La Commission des droits de la personne et des droits de la jeunesse (CDPDJ) vient d’exiger que les deux centres payent respectivement $ 65 000 et $ 30 000 à deux familles noires pour des incidents de racisme à l’endroit de leurs enfants à la suite de plaintes déposées par le Centre de recherche action sur les relations raciales (CRARR) en leurs noms.
« Cette décision établit une nouvelle norme pour toutes les institutions scolaires en ce qui concerne leur obligation d’agir avec diligence et imputabilité pour assurer un milieu scolaire sans racisme », note le directeur général du CRARR, Fo Niemi.
Selon la preuve recueillie par la CDPDJ, les représentants de ces écoles n’auraient pas appliqué les mesures prévues à leur plan de lutte contre l’intimidation et le harcèlement dans le suivi de ces incidents.
«Mon fils, ils le faisaient monter et descendre l’autobus en dernier, comme à l’époque de la ségrégation raciale aux É-U, sous prétexte de le protéger.»-Asha.
Même le chauffeur d’autobus scolaire a pris part au concert de racisme qui s’abattait sur ces enfants âgés de 8 et 11 ans à l’époque des faits. Il lui aurait dit: « si tu ne retournes pas t’asseoir, je te casse la gueule », alors que l’enfant était debout dans l’autobus scolaire.
Le dernier incident qui a fait déborder le vase de cette mère est lorsqu’elle avait été appelée par l’école pour venir chercher son fils à la suite d’un autre incident et qu’elle l’a trouvé enfermé dans une pièce fermée à double tour, dans le noir le plus total.
Elle décide alors de retirer ses enfants de l’établissement et faire l’école à la maison tout en sacrifiant ses études et sa carrière.
« Notre vie a été l’enfer pendant trois ans, au point où mon a fils failli perdre un œil et qu’il ne voulait plus aller à l’école et que j’ai dû mettre en suspension mon plan d’études et de carrière pour m’occuper de mes enfants.», dit-elle en conférence de presse.

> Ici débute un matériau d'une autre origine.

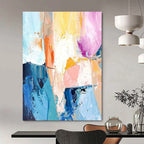 “Blue & Pink Abstract Cascade” - Flowing Abstract Painting On Canvas DS280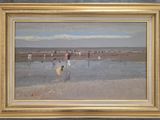 tableau représentant une scène de plage avec des personnes marchant sur le sable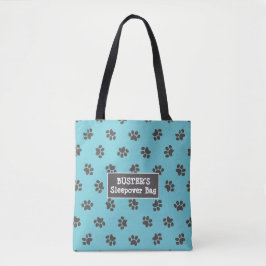 Tote Bolsa Azul com Pegadas de Cachorro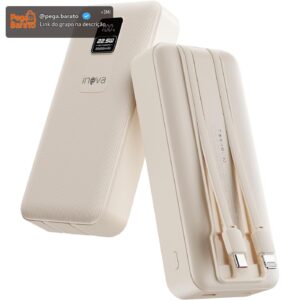 INAVA Power Bank, Carregador Portátil Universal 20000mAh, Carregamento Rápido 22.5W PD, Design Ergonômico, Compatível com iPhone 17/16/15/14/13/12 e Android, Ideal para Viagens (Branco) - Imagem 1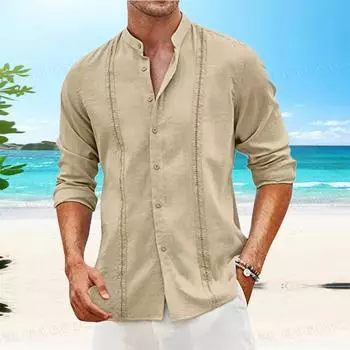 Мужская одежда Повседневная однотонная рубашка с длинным рукавом Топы Весна Лето Мода Воротник-стойка Свободные льняные футболки Кардиган Мужской уличный стиль S белый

Dans les deux cas, les écoles ainsi que les Centres scolaires ont minimisé les faits selon les témoignages des parents.
Mme Charles est allée jusqu’à la Commission scolaire, devenue aujourd’hui Centre de services scolaire, à la recherche de solution et elle a fait encore face à un déni implacable.
La présidente de la Comission scolaire de l’époque, Jennifer Maccarone, actuellement députée libérale à l’Assemblée nationale, avait qualifié la situation d’ « incident isolé »
Contrairement à Asha, Adrienne Charles n’a pu faire l’école à la maison pour ses enfants en raison de ses obligations. Les petits ont dû subir les insultes à l’année longue, ce qui avait des impacts psychologique pour eux selon la mère.
« C’était crève-cœur pour moi, tous les matins, de devoir envoyer mes enfants dans la fosse aux lions. »-
Adrienne Charles
« Notre vie a été l’enfer pendant trois ans, au point où mon a fils failli perdre un œil et qu’il ne voulait plus aller à l’école et que j’ai dû mettre en suspension mon plan d’études et de carrière pour m’occuper de mes enfants », dit Asha.
« La pire expérience a été de voir mon fils et ma fille continuer de souffrir à cause de la négligence et de l’inaction de la Commission scolaire face aux actes de racisme répétitifs. »
Fo Niémi du CRARR, organisme qui a aidé les deux mères à porter plaintes, dénonce le laxisme des deux Centres scolaires dans cette affaire de racisme à l’égard d’enfants noirs. Il parle même de racisme systémique dans les deux cas.
« Le racisme systémique n’est pas composé uniquement d’actes d’agression explicites mais aussi par l’inaction, ce qu’on appelle l’aveuglement volontaire, la banalisation. », dit-il.
Les deux centres de services scolaires n’ont pas acquiescé à la demande la CDPDJ dans le délai imparti, ce qui signifie automatiquement que les deux affaires iront devant le tribunal. Le CSS Marguerite Bourgeoys n’a pas donné suite à notre demande d’informations par courriels et par téléphone.